# [To do]
Give back the listing in full and exactly, leaving out the images.

(Available data)

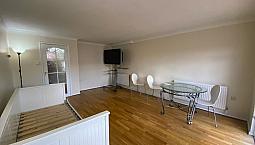 2 Bed House To Rent In Northolt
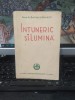Ioan Al. Brătescu Voinești, &Icirc;ntuneric și lumină, Cartea Rom&acirc;nească, București 1941, 180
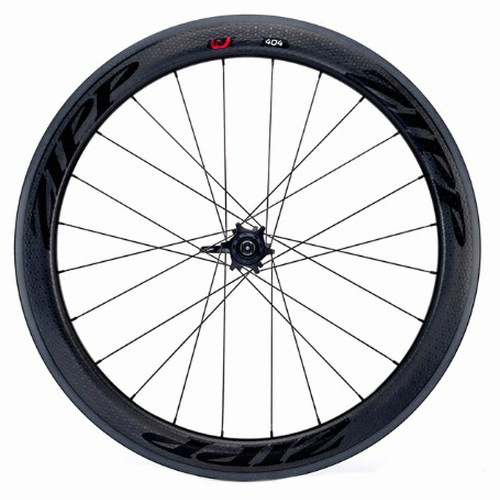 ZIPP 404 파이어크레스트 튜블러 V3 뒤 휠셋_이미지
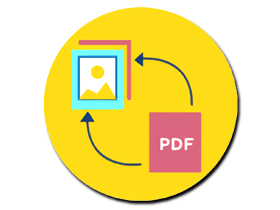 PDF多功能工具 ByteScout PDF Multitool 13.0.2.4328 英文版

(End Available data)

# [Response area]
 2 Bed House To Rent In Northolt
Ioan Al. Brătescu Voinești, &Icirc;ntuneric și lumină, Cartea Rom&acirc;nească, București 1941, 180
 ZIPP 404 파이어크레스트 튜블러 V3 뒤 휠셋_이미지
 PDF多功能工具 ByteScout PDF Multitool 13.0.2.4328 英文版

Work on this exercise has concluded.